* DATA BELOW

%%

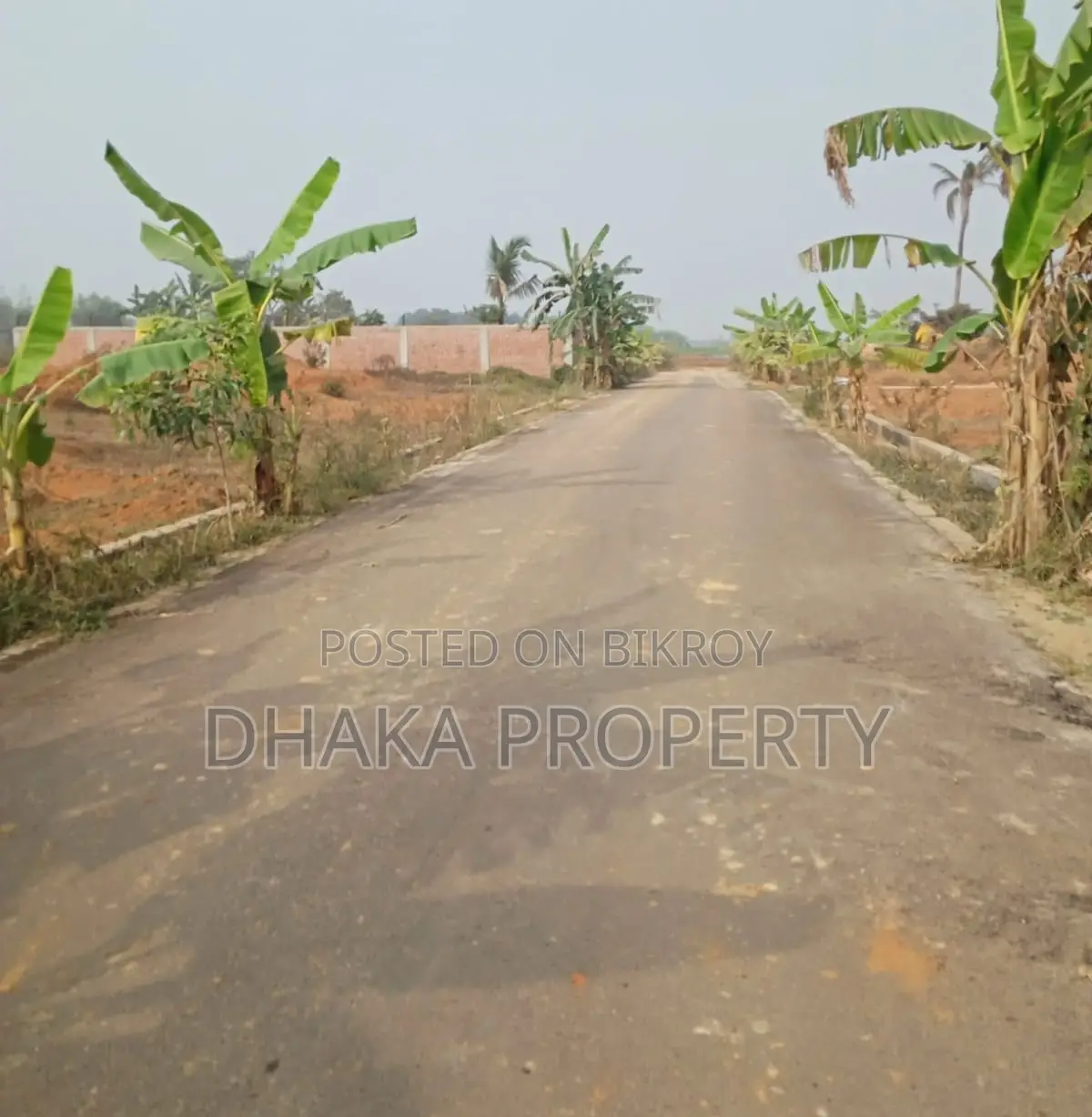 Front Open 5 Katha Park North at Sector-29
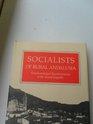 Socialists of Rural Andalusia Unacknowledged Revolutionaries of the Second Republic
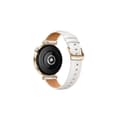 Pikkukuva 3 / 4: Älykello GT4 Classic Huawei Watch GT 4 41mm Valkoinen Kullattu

%%

Could you retype exactly, and only, the lines running from the one with "Socialists of Rural" to the last line of the listing, while leaving any pictures out?

 Socialists of Rural Andalusia Unacknowledged Revolutionaries of the Second Republic
 Pikkukuva 3 / 4: Älykello GT4 Classic Huawei Watch GT 4 41mm Valkoinen Kullattu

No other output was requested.